At the right time, offer a summary and then:
- ASK if the summary was correct.
- OFFER collaborative change, getting permission first.
- ASK how they feel after.
Here is an example:
- You: "Just to summarize, I see that this has really taken a toll on you. I hear your desire to make change happen, but I also understand that it's not easy, especially when everybody is telling you the exact opposite of what you expected to hear.
- You (Ask): Did I get that right?"
- Them: "Yes, that's pretty bang on."
- You (Ask to Offer): "Great. Thank you for your courage. I really do care what happens to you. So can I make a suggestion?"
- Them: "Yes, go ahead."
- You (Offer): "Well it seems like you have a choice between what others want you to do and what your values tell you to do. I believe you need to be true to yourself or else you'll regret it later. So this all boils down to taking a risk and stepping out in faith for what you believe."
- You (Ask): "How do you feel and what do you think about my suggestion?"
- Them: "I feel great! I think I am ready!"
- You: "Fantastic. So how about we create an action plan right now and you make that call before others cause you to second guess yourself again?"
Using the Ask, Offer, Ask technique is how you see if the door of Collaborative Change has opened, and by how much. Sometimes the door opens only a crack and you have to keep going. Other times the door swings wide open right away. It all depends upon the context and circumstances of the conversation.
What happens if the door of Collaborative Change is still closed after a summary? Go back to open questions. For example, "What am I missing in what you are telling me?"
Advanced Technique: Another form of a summary is a "meta-summary," where you step back and have a conversation about the conversation. This can be really helpful in establishing parameters on how collaborative change can be best achieved. For example:
- You: "It's clear this is causing you certain anxiety. I can relate. I also hear you are pretty confused.
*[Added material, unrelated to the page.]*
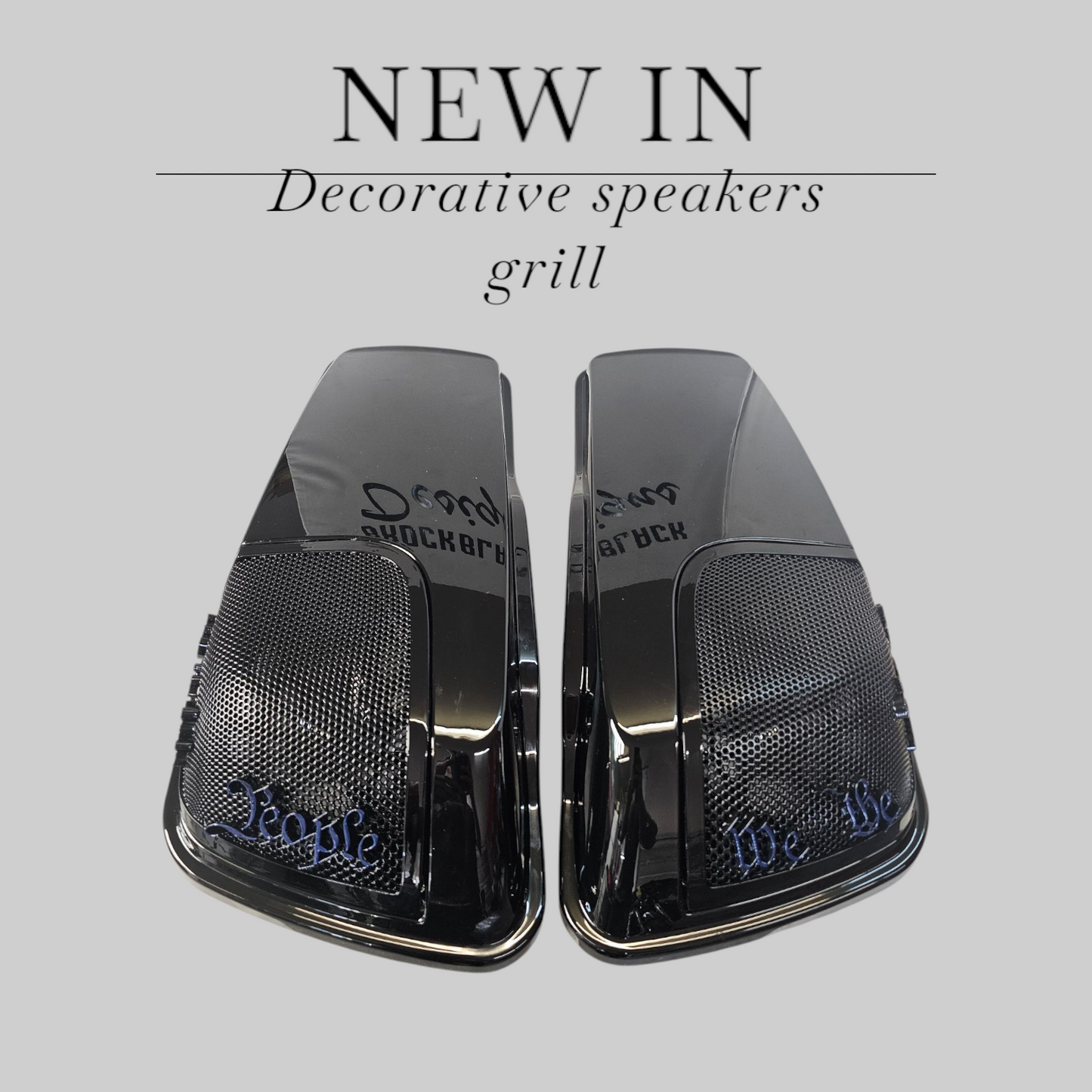 24+ Harley Davidson bag lid Speaker Grill Cover We the People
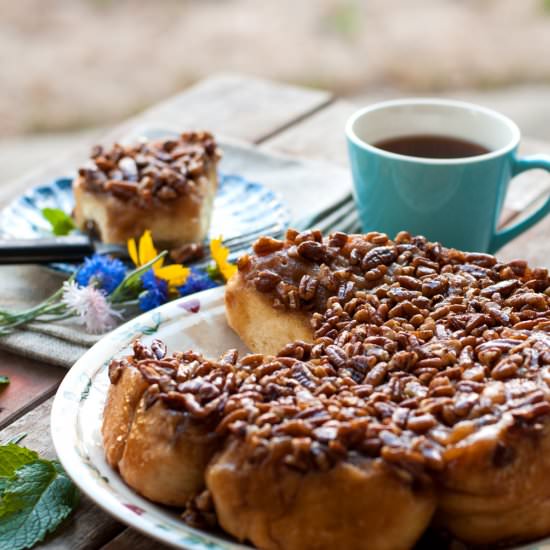 Old Fashioned Pecan Sticky Buns - Recipe photo by cookiesforengland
And I hate seeing you go through this because I have always cared about your family. So can we step back for a moment and talk about how we can proceed?"
- Them: "Sure."
- You: "Great. Would you like me to just listen and help you clear your thoughts? Or, would you like me to give you my opinion and advice on what I would do?"
You will know when someone is ready for a summary when there is enough Collaborative Change talk. This requires careful listening and using EQ to recognize their emotions. Again, depending upon the context and circumstance, you may have to spend considerable time in EQTunement using open questions, appreciations and reflections before any summaries are possible. It is also not uncommon to require multiple summaries until Collaborative Change can occur.
When Joy Drops
At any point in time, you may see joy completely drop from the conversation. The reasons for this vary from a lack of EQTunement on your part or a disagreement with your summary. When joy drops, there is no more collaboration and you have entered into Corrective Complex. This is OK and you should not be deterred. Your task is then to return to a neutral EQTunement position. The best way to do that is with an open question. Some examples are:
- "I completely accept your stance. Can you share the reason you disagree with me?"
- "I'm sorry, this conversation feels awkward for me. Would you like to tell me what I missed in this story?"
- "Is there something you would like to say but are worried I would be offended if you do?"
- "How can I help make this go better? What would you do in my shoes?"
You may be in a situation where you are the expert and know exactly what the other should do for change. Just remember, the Corrective Complex will have a negative, and even opposite, effect on what you want to accomplish. If you ever find yourself caring more about your conversation partner's change than they do for themselves, it's time to step back and evaluate your approach. This takes humility and a recognition of when your own feelings of pride are hindering the process. In these cases, there is nothing wrong with continuing the conversation at a later time, or conceding and waiting for other opportunities. By rule of thumb, sometimes it is simply to be harmless and not helpful.